Sovyetlerin çöküşünün ardından dünya sermayesinin globalleşme sürecinde yeniden biçimlendirdiği Ortadoğu’da kendi geleceğiyle ilgili düşünme fırsatı bulan milletlerin başında Kürtler gelir. Büyük acılar pahasına bir hayli yol alındığını söyleyebiliriz fakat ‘yeniden paylaşım süreci’nin yeni bir statükoya evrildiği şu günlerde her şeyin yolunda gittiğini söylemek pek mümkün görünmüyor. Egemen devletler yeniden, ne düşündüklerine aldırmadan, Kürtlere yeni bir elbise biçmeye çalışıyorlar.
Kuşkusuz bunun tek sorumlusu egemen devletler değildir; esas olarak gücü elinde tutan devletlerin rolü önemli olsa da bizim de küçümsenmeyecek yanlışlar yaptığımız aşikardır. Her şeyi doğru yapsaydık bile kimi komplikasyonlarla karşılaşabilirdik, belki de amaçlarımıza ulaşma konusunda istediğimiz noktada olmayabilirdik fakat bugünkü durumdan daha ileri bir mevzide olacağımız ihtimal dahilindeydi.

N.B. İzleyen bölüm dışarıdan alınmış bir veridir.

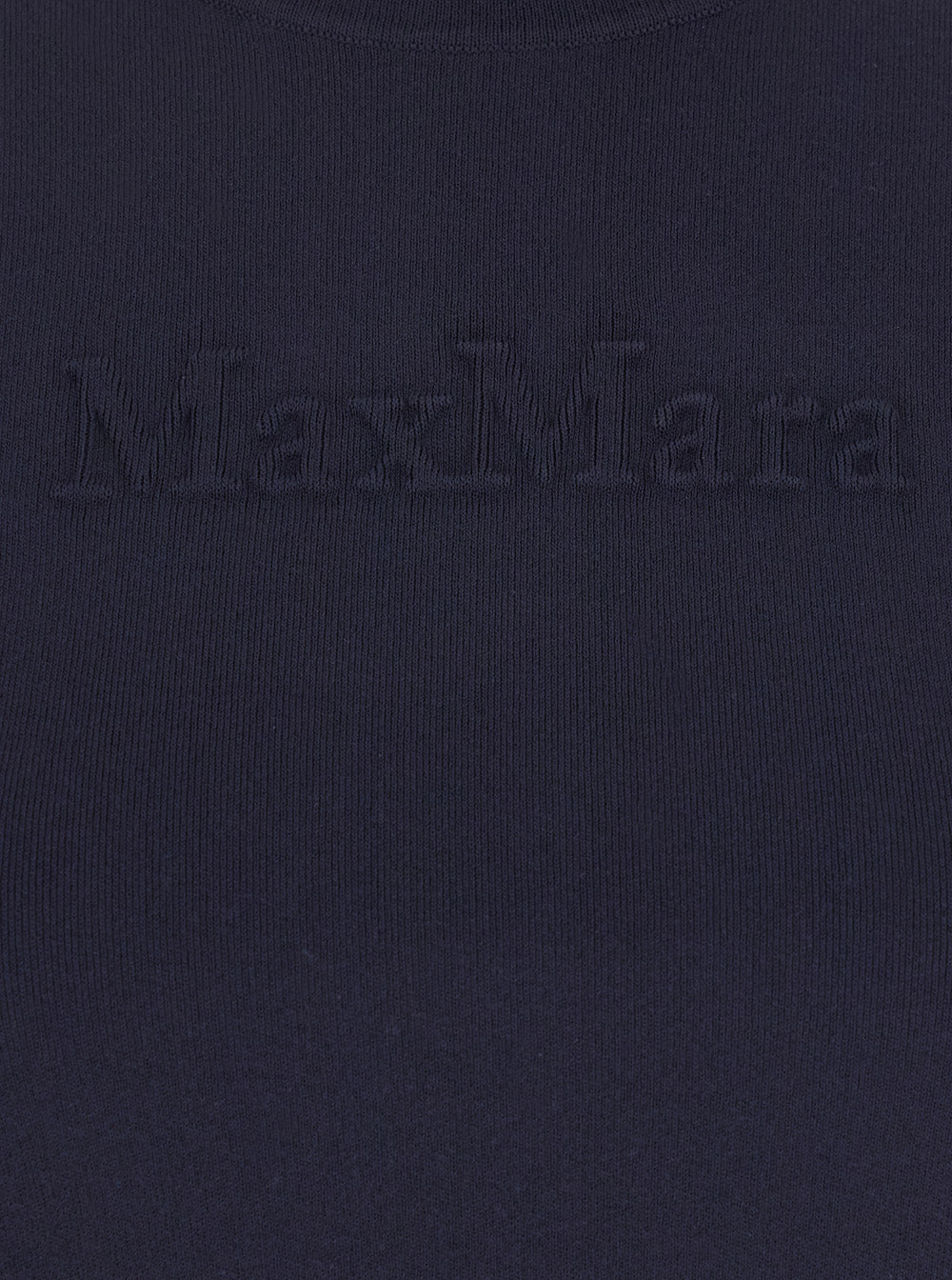 Max Mara Women Blue Crewneck T-Shirt With Tonal Logo Lettering On The Front In Viscose Blend Woman MAX MARA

Elbette her şey bitmiş değil; önemli kayıplar yaşadık ve eğer bir an önce kendimize gelmezsek daha olumsuz gelişmelerle karşılaşabiliriz fakat kendi elimizde olanları yapmaktan başlayarak zararı en aza indirmenin imkânına sahibiz. Güney Batı’nın kaderinin belirleneceği önümüzdeki günlerde bu konu hakkında yeniden düşünmek, olması gerekenleri yapmak konusunda her türlü gayreti göstermek, olası zararları azaltmak bakımından önemli katkı olacaktır.
Durum
Bu günlerde çokça tartışılan konuların başında, Ocak ayı içinde Soçi’de yapılacak olan ‘Suriye Ulusal Diyalog Kongresi’ gelmektedir. Rusya’nın öncülüğünde gerçekleşecek olan Kongre’ye kimlerin çağrılacağı tartışmalı ana konuların başında gelmektedir.

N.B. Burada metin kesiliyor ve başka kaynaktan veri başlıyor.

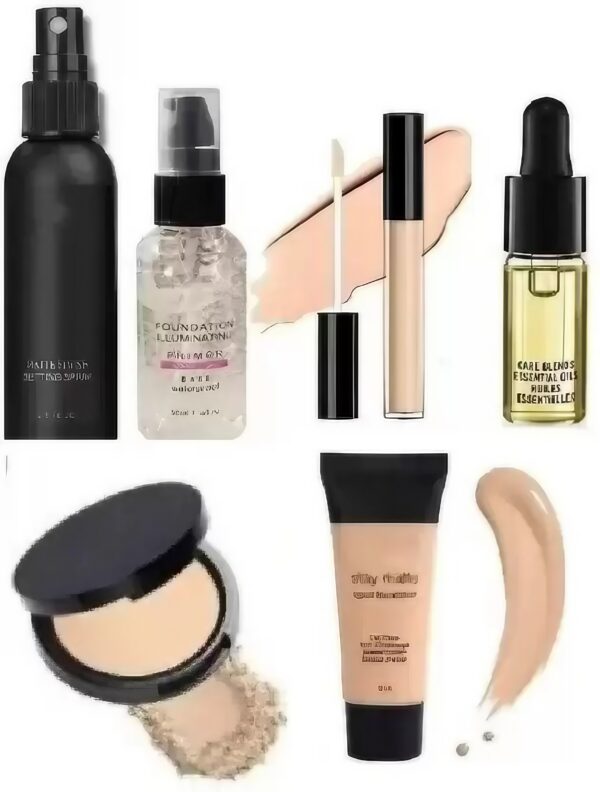 Professional Liquid Concealer, Makeup Base & Fixer, Makeup Foundation, Compact, Essential Oils face serum (6 Items in the set)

Bilindiği gibi Türkiye, bu konuda bütün sömürgeci devletlerin bayraktarlığını yapıyor ve başlıca etkin güçlerden biri olan PYD/YPG’yi PKK ile ilişkilendirerek Kongre’ye çağrılmasına karşı çıkıyor. Diyalog Kongresine Kürtlerin çağrılmaması için büyük bir çaba harcayan Türkiye, kısmen amacına ulaşmış görünüyor. Ne var ki tatmin olmuş değil. PYD/YPG’nin yanı sıra, bu yapıların ilişkili olduğu SDG’den de kimsenin çağrılmamasını, katılımcılar olsa bile, Kürtlerden oluşmasını istememektedir. Görünüşte Kürtlere karşı olmadığını kanıtlamak için rıza gösterdiği tek güç ENKS… ENKS’nin de savaş cephesinde olmadığı, bu nedenle etkili olamayacağı hesaplanmaktadır.

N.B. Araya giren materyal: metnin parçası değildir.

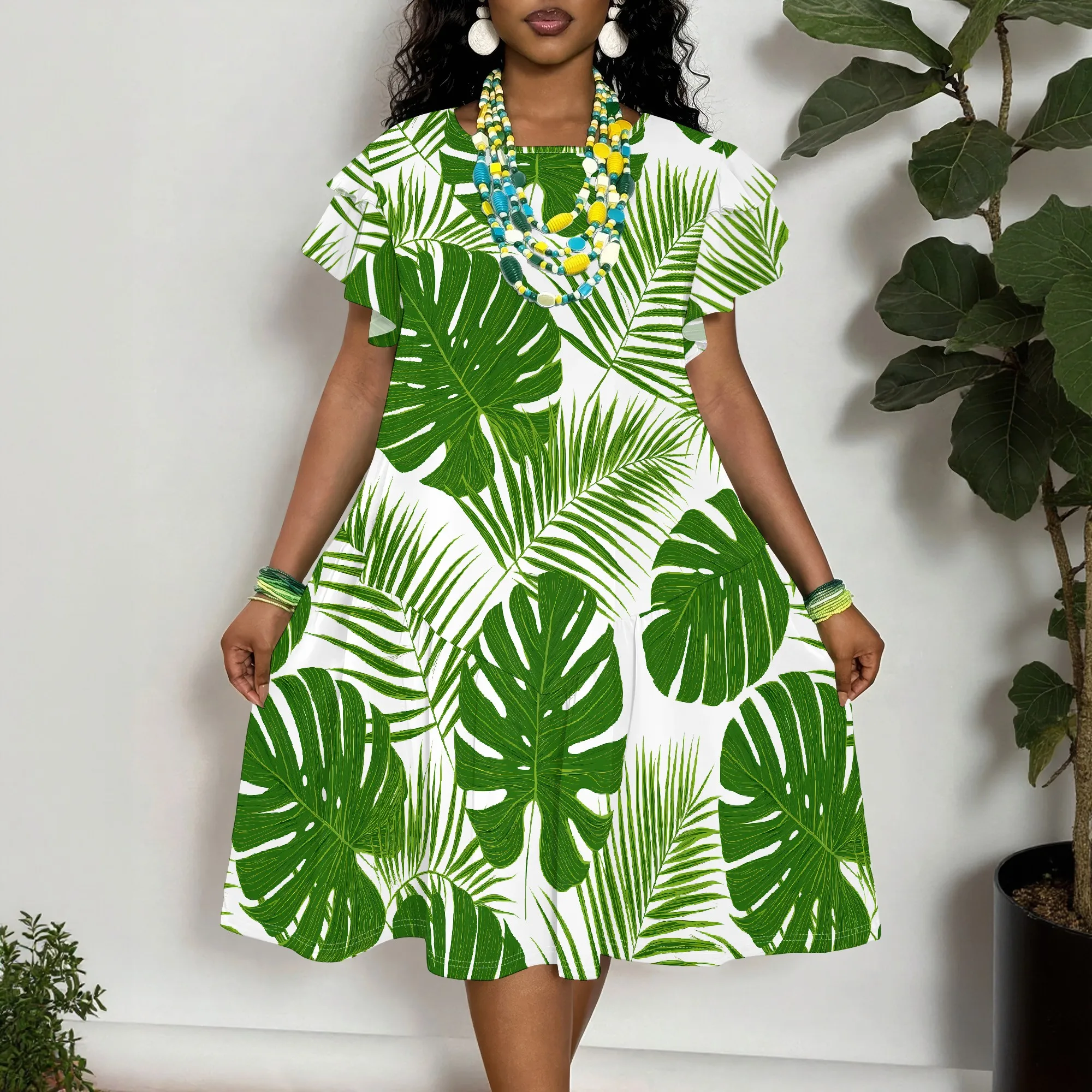 

Tropical Leaf Print Short Sleeve Dress for Women Summer Casual A-Line Tunic Dress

Güney Batı açısından olumsuzluk olarak değerlendirebileceğimiz bir diğer gösterge de geçtiğimiz günlerde Esad’ın Kürtlere yönelik yaptığı açıklamadır. Bu açıklamasında Esad, Kürtleri, ABD ile olan ilişkilerinden dolayı ‘vatan haini’ olarak nitelemekte, şiddet kullanarak etkisizleştirmekten söz etmektedir. Bu tehdit ve nitelemelere bakacak olursak, sürecin sonuçlanmak üzere olduğunu düşünen Esad, şimdiden gardını alıyor. Anlaşılan Esad, diğer sömürgeci devletlerle birlikte, Güneydeki durumu da veri alarak, Kürtlere hiçbir hak tanımadan meselenin çözülebileceğine inanmaktadır. Esad’ın doğru bir hesap içinde olup olmadığı ayrı bir mesele fakat bu cüretkâr tutumu dikkate almak durumundayız.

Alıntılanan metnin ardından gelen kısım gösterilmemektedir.